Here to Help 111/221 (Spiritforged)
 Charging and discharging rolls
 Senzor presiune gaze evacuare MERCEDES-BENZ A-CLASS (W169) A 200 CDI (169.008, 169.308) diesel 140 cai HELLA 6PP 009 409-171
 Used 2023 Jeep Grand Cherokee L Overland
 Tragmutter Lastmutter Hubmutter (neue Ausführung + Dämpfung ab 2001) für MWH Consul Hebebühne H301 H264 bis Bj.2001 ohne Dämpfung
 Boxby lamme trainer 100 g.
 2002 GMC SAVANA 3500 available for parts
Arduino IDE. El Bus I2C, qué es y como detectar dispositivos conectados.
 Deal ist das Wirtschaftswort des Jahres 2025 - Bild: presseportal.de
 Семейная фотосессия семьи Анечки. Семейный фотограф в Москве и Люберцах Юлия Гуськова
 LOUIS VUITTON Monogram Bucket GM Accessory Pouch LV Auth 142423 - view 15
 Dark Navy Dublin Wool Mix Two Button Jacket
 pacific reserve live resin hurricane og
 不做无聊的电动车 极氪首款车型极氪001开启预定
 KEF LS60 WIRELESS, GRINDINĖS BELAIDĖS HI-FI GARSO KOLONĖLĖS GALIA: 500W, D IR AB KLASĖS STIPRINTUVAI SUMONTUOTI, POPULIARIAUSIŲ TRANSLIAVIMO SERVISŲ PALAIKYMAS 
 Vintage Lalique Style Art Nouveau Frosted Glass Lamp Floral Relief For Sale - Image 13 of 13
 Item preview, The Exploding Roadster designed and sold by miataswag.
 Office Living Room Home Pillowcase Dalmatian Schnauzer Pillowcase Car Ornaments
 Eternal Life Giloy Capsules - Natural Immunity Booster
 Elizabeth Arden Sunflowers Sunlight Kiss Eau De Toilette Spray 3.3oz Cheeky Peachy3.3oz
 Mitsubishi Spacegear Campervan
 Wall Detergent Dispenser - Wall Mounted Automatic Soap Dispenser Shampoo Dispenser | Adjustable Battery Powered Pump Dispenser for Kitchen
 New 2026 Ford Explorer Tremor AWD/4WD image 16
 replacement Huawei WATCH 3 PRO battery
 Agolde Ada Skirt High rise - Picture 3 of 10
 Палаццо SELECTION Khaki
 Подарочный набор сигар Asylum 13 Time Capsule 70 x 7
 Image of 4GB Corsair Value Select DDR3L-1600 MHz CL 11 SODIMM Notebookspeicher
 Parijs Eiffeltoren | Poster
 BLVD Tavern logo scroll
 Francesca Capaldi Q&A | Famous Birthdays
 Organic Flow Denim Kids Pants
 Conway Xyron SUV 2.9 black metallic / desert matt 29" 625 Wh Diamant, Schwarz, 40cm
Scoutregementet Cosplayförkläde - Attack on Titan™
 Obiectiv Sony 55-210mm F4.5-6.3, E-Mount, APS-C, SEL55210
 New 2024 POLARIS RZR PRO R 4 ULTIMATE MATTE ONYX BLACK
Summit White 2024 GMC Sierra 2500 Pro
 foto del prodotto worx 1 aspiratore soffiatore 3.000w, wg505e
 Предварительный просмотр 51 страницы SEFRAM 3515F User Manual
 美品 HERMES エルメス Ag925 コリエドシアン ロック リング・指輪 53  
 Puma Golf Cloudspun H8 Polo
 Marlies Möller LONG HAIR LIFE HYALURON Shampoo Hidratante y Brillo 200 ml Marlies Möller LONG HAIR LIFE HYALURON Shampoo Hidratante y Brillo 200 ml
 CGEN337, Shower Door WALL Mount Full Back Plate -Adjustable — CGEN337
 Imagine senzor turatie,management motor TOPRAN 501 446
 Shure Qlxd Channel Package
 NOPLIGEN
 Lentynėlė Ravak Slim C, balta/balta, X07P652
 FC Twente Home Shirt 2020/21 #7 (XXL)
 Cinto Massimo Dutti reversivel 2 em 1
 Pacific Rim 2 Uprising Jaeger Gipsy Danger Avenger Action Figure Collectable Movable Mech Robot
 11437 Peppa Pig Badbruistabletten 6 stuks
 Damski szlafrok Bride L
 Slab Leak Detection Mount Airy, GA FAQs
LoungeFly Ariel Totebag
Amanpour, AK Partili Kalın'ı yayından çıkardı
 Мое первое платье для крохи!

***

* WHAT TO WORK ON *
Among the entries, how many lines contain the word "Adjustable"? Give the number alone.

* PROBLEM SOLUTION *
2